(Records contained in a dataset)
──────

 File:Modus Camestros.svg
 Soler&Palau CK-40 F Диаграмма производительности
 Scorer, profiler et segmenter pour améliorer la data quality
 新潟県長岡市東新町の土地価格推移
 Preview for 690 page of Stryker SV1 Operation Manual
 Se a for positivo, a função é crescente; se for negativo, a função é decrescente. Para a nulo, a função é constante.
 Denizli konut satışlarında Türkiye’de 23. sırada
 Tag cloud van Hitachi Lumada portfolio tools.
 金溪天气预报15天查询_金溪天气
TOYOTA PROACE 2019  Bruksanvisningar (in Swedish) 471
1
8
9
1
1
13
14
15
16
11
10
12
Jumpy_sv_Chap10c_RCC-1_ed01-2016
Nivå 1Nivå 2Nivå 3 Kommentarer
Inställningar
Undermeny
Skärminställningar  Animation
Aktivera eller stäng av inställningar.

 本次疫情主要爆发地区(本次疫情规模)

──────

Beginning with the line that has "Nivå 1Nivå 2Nivå 3 Kommentarer", set down every line of the entries above through the final one, unchanged.

Nivå 1Nivå 2Nivå 3 Kommentarer
Inställningar
Undermeny
Skärminställningar  Animation
Aktivera eller stäng av inställningar.

 本次疫情主要爆发地区(本次疫情规模)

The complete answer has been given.